--- Records for the task ---
────
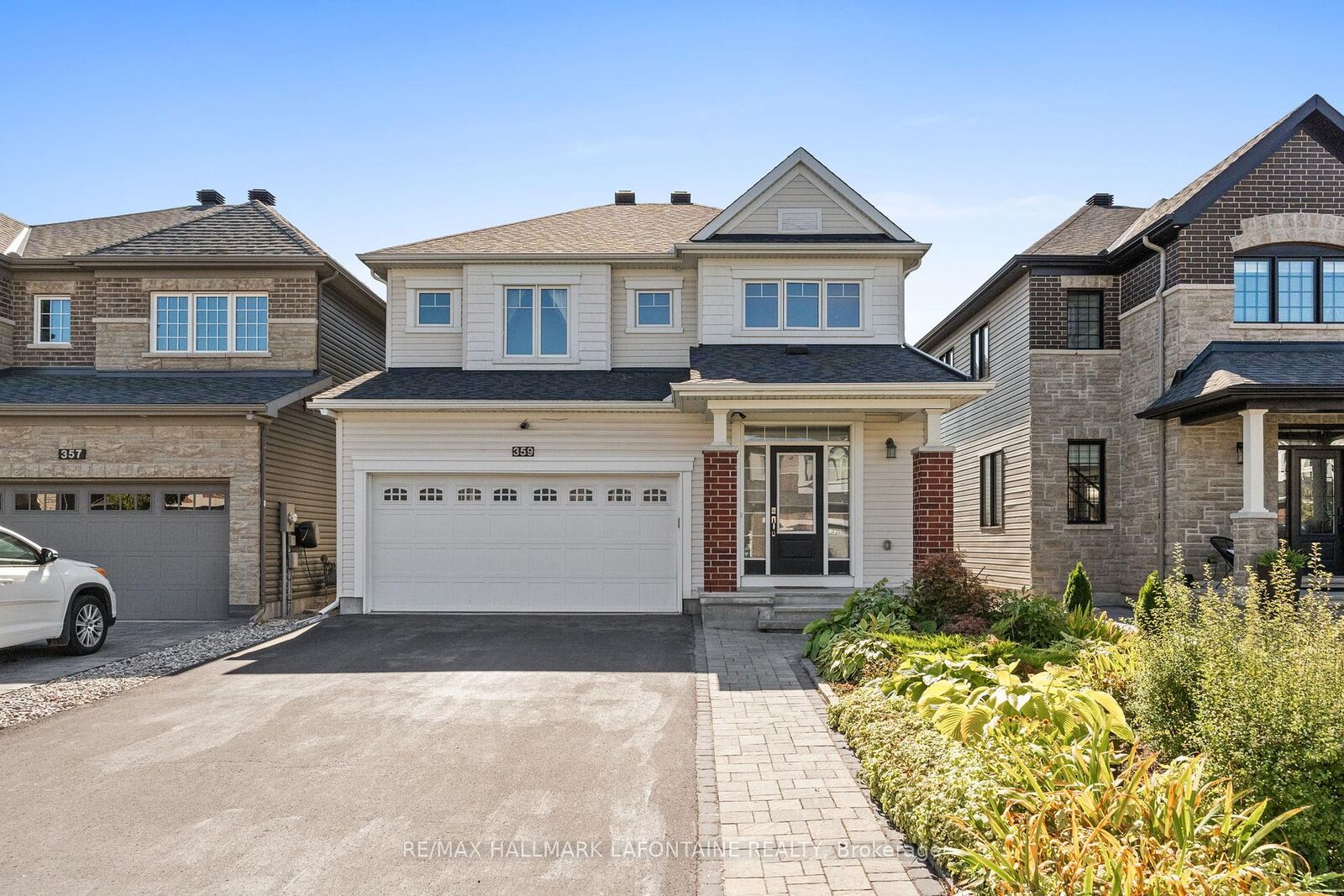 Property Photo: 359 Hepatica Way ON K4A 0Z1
────
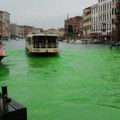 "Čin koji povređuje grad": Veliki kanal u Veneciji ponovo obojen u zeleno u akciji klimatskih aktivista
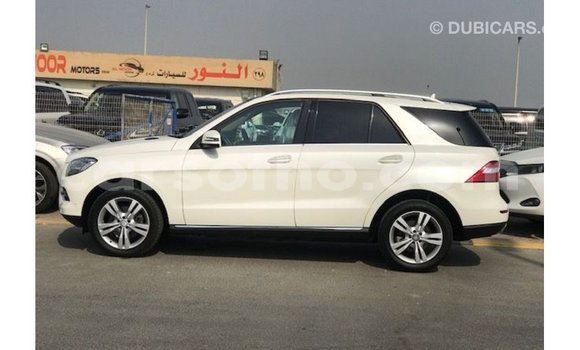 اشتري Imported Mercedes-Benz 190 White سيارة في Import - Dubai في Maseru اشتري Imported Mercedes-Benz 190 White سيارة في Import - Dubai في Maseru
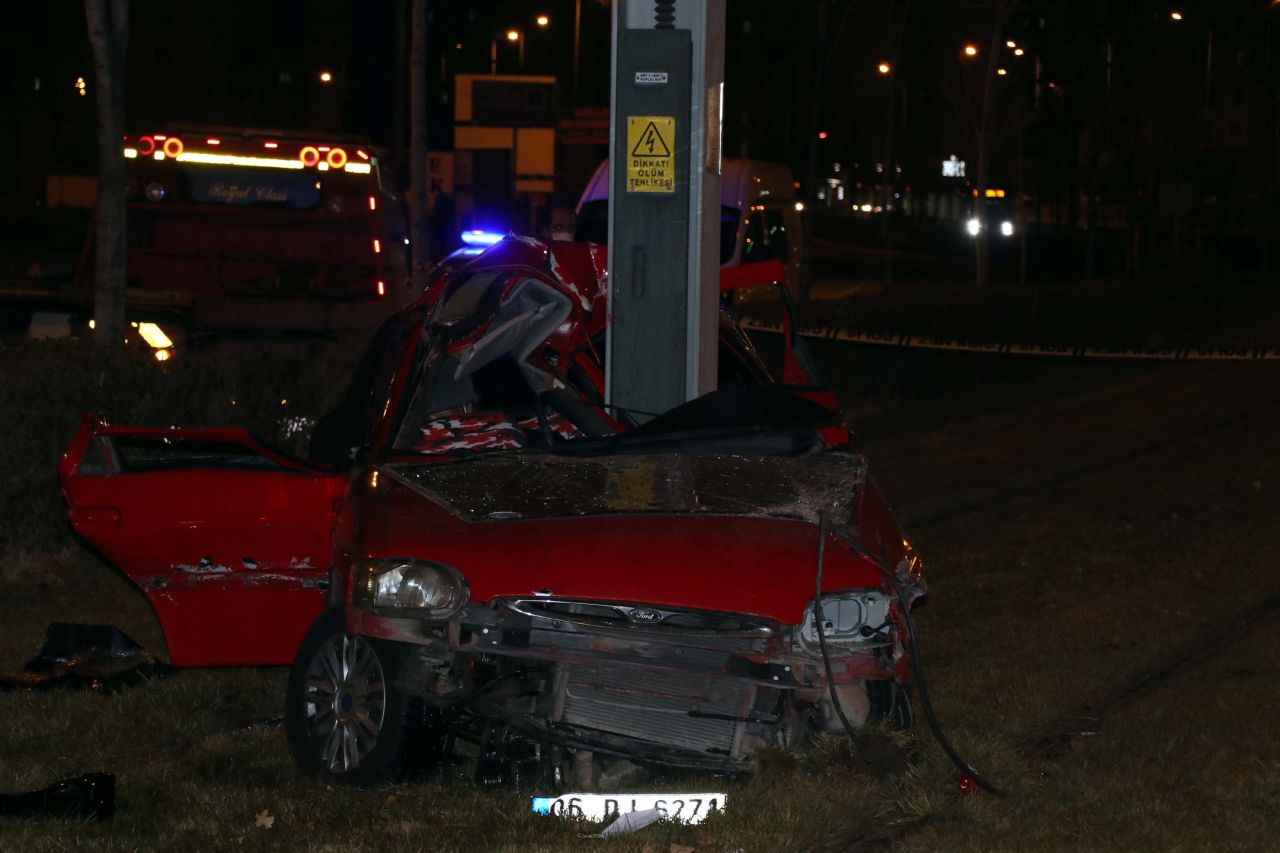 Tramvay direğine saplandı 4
────
--- What you are asked to do ---
Could you write out exactly the lines of the data above that run from the one holding "في Maseru اشتري" to the one holding "Tramvay direğine saplandı 4", with both ends in and all pictures out?

--- Answer for this exercise ---
 اشتري Imported Mercedes-Benz 190 White سيارة في Import - Dubai في Maseru اشتري Imported Mercedes-Benz 190 White سيارة في Import - Dubai في Maseru
 Tramvay direğine saplandı 4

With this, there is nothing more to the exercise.